Im Darknet bzw. Tor-Netzwerk möchte man genau das verhindern. Sender (Client) und Empfänger (Server) sollen unbekannt, die Beteiligten anonym bleiben. Im Tor-Netzwerk kommunizieren Client und Server niemals direkt miteinander, sondern es werden mindestens 3 Knoten dazwischen geschaltet. Das Prinzip kennen wir auch aus der VPN-Technik, wobei hier lediglich ein einziger Proxy-Server die Kommunikation übernimmt.

In folgender Grafik wird das Prinzip deutlich. Der Anwender möchte eine Webseite aufrufen. Dazu verbindet er sich mit einem Knoten aus dem Tor-Netzwerk. Dieser Knoten wird auch als Entry-Node (node zu Deutsch Knoten) bezeichnet, weil dieser den Einstieg/Start beschreibt. Von nun an läuft die Anfrage über einen oder mehrere Knoten, wobei jedes mal die Daten erneut verschlüsselt werden. D.h. nur die beiden Knoten, die miteinander kommuniziert haben, können die Information entschlüsseln. Ein einzelner Knoten kann also die gesamte Nachricht nicht entschlüsseln, sondern nur seinen Teil. Ein cleveres Prinzip einer verteilten Verschlüsselung.

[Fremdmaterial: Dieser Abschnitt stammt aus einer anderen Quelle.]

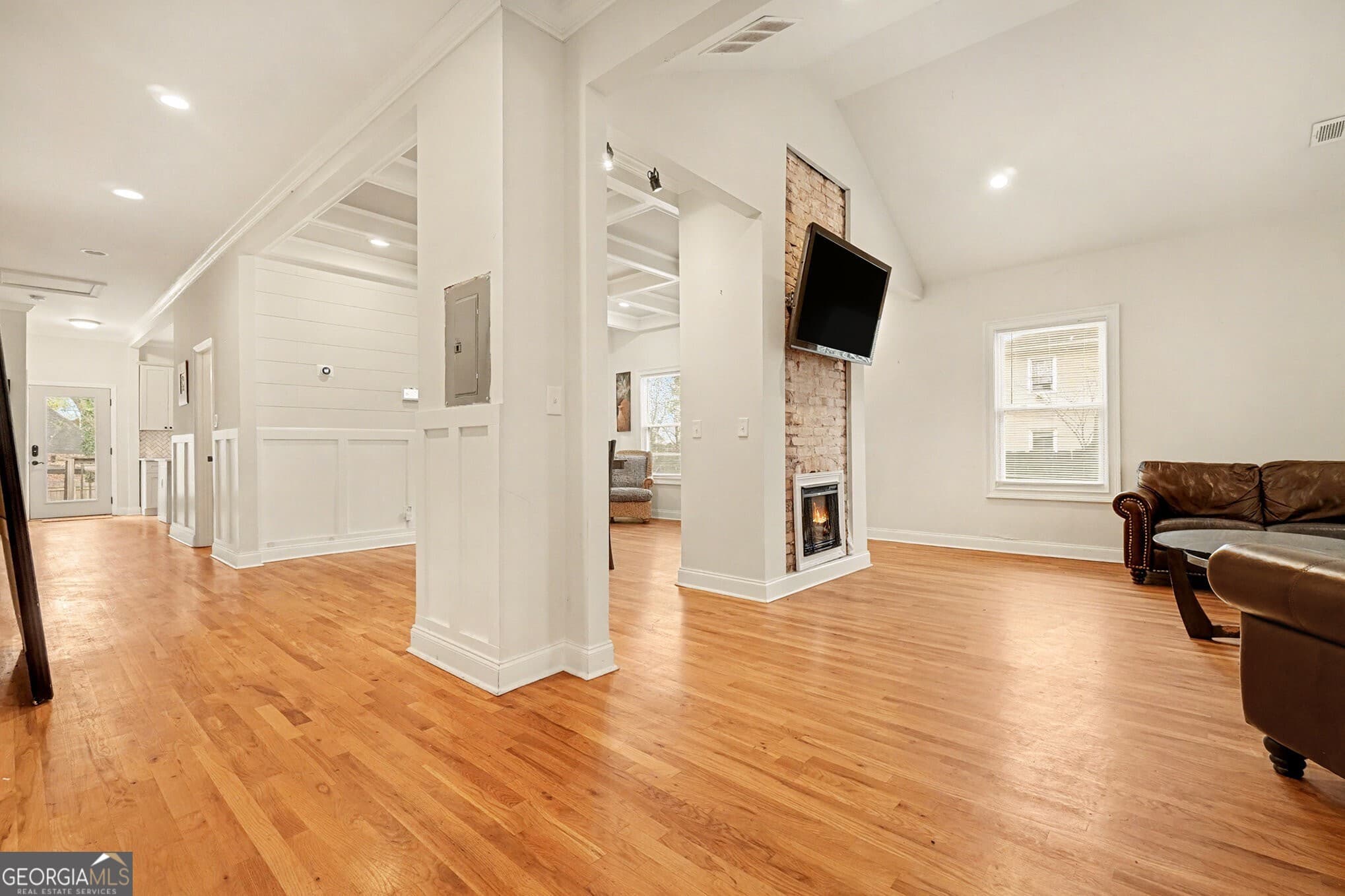 3 bedroom, 2 bathroom, 1,840 sq ft single family residence for sale at 257 Hendrix Avenue, Atlanta, GA 30315 — photo 2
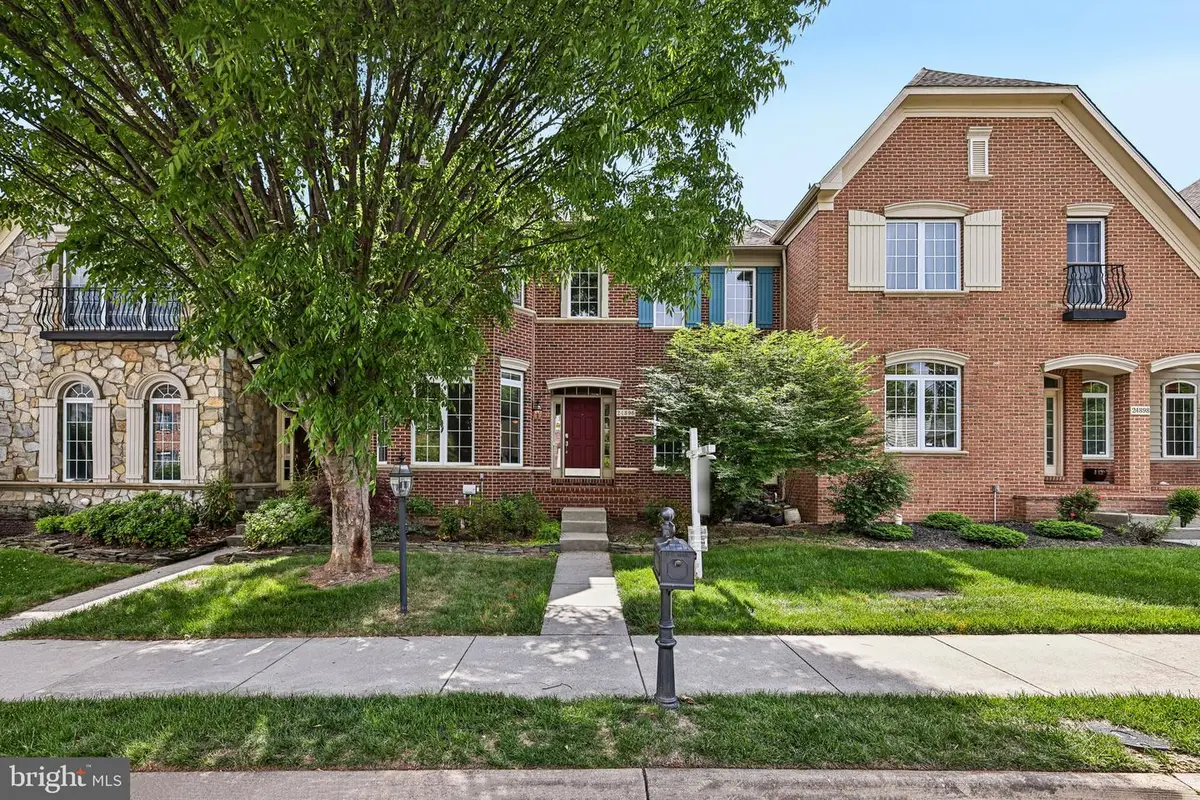 24896 Castleton Dr, Chantilly, VA 20152 - #1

Im Darknet bzw. Tor-Netzwerk erfolgt die Kommunikation verschlüsselt über Torknoten
Im Darknet bzw. Tor-Netzwerk erfolgt die Kommunikation verschlüsselt über Torknoten

An dieser Stelle sollte auch klar werden, wie der zentrale Aspekt "Anonymität" ermöglicht wird. Die Datenkommunikation erfolgt über viele Tor-Knoten, welche die Herkunft der Anfrage verschleiern. Am Endpunkt (in diesem Beispiel die Webseite) weiß niemand, wer die Anfrage gestellt hat.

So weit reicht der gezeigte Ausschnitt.